In the two years since the anti-corruption campaign began, it has proven to be the longest reaching and most impactful clampdown effort since the reform era began in 1978. Anti-graft inspectors have launched thousands of investigations, ending the political careers of hundreds of officials engaged in bribery, embezzlement and acquiring illicit funds through land deals, official infrastructure projects and land development. The scope of the anti-corruption efforts has not spared those in the CPC’s inner circle, creating anxiety within the party.

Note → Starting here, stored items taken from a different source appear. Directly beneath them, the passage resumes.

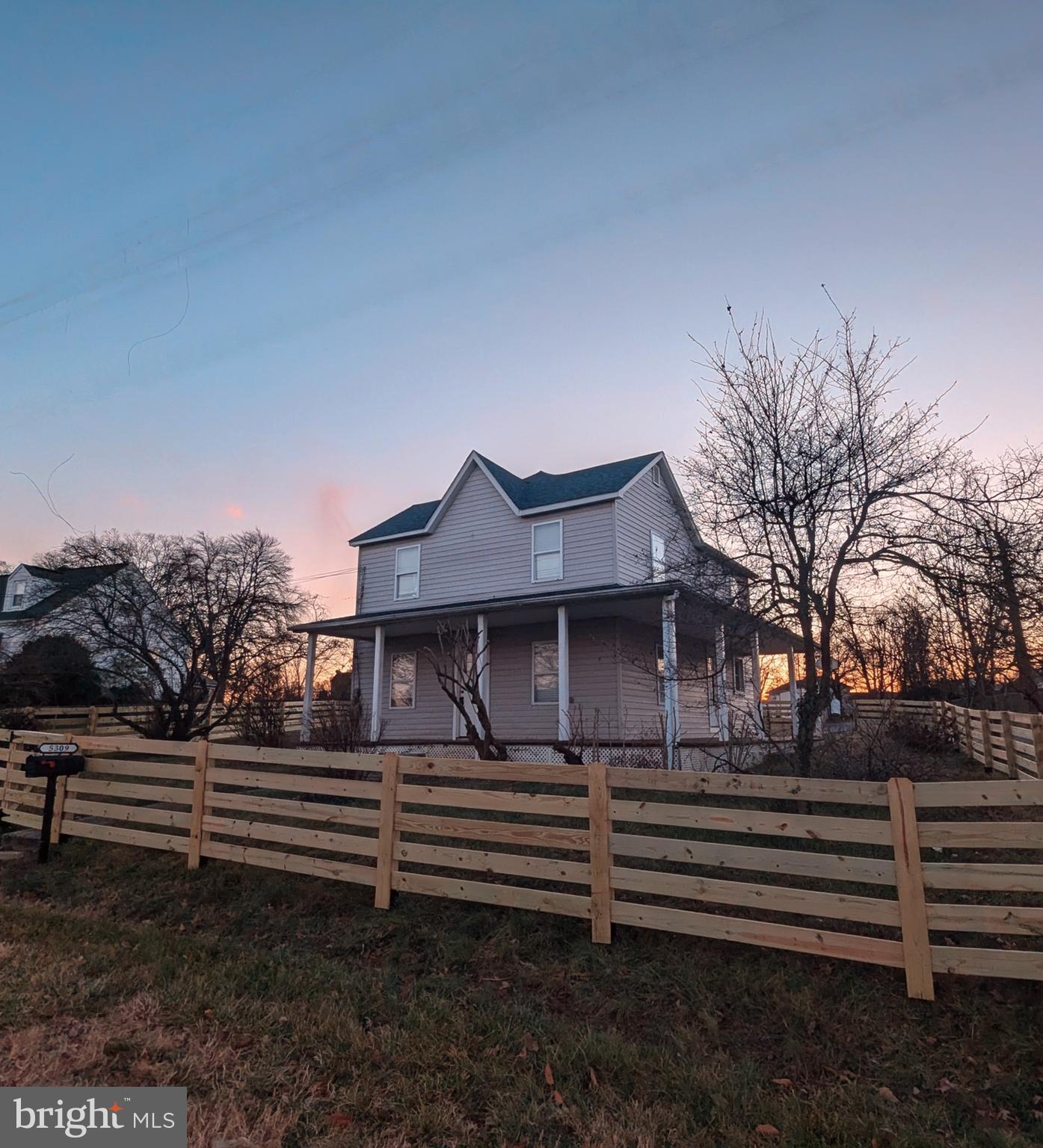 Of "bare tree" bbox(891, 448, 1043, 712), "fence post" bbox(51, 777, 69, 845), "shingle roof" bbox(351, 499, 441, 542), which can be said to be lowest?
"fence post" bbox(51, 777, 69, 845)

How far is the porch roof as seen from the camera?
438 inches

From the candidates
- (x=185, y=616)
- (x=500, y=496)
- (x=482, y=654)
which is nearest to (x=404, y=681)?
(x=482, y=654)

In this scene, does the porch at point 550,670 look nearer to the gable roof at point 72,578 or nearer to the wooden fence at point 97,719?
the wooden fence at point 97,719

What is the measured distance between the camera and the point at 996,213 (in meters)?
8.70

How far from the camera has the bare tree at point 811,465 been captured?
7.45m

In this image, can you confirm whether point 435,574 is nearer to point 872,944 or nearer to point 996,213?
point 996,213

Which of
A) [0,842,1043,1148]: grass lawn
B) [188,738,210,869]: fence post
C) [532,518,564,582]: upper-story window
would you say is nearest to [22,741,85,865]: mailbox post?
[188,738,210,869]: fence post

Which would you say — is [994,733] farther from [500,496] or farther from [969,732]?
[500,496]

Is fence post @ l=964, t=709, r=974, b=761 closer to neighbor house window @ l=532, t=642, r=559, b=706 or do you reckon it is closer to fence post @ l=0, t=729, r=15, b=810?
neighbor house window @ l=532, t=642, r=559, b=706

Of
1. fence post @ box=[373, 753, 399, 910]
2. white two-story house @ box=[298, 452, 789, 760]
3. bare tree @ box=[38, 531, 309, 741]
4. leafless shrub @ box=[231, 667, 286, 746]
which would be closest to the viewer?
fence post @ box=[373, 753, 399, 910]

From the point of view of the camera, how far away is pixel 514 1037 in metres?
3.73

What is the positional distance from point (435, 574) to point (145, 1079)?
1445 cm

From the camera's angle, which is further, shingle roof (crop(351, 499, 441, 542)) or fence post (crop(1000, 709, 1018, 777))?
shingle roof (crop(351, 499, 441, 542))

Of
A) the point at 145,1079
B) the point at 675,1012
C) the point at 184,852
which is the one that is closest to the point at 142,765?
the point at 184,852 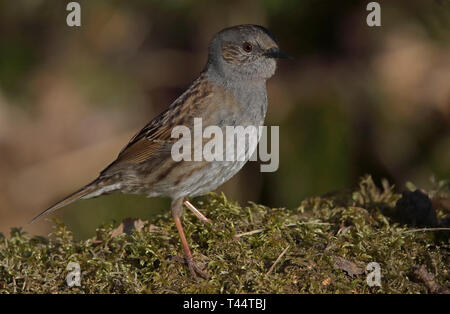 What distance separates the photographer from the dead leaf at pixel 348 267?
2.93m

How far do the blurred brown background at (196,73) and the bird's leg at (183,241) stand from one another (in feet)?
6.41

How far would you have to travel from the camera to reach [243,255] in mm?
3084

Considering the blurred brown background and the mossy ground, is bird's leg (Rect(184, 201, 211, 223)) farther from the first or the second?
the blurred brown background

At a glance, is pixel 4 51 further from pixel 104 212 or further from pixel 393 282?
pixel 393 282

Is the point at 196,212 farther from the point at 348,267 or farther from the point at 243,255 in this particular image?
the point at 348,267

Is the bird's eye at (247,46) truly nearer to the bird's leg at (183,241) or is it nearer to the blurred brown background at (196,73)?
the bird's leg at (183,241)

Zhou Yongkang, one of China’s most powerful men until his retirement in 2012, has been the most prominent official probed for abuses of power. During his tenure as the head of the CPC’s political and legislative affairs committee, Zhou’s only superiors were the president and prime minister. He was a member of the Politburo Standing Committee (PSC) and oversaw the state’s internal security, judicial system, law enforcement, and paramilitary operations, operating with a larger budget than China’s military.
The Central Commission for Discipline Inspection (CCDI) – the party’s formidable anti-corruption agency – has also detained reputable officials known to be Zhou’s protégés and opened investigations into the extraordinary wealth of his family members. It is widely believed that the long delays in announcing the probe against Zhou were due to huge inner-party resistance, indicating that Xi engaged enormous political capital in order to create conditions for the investigation.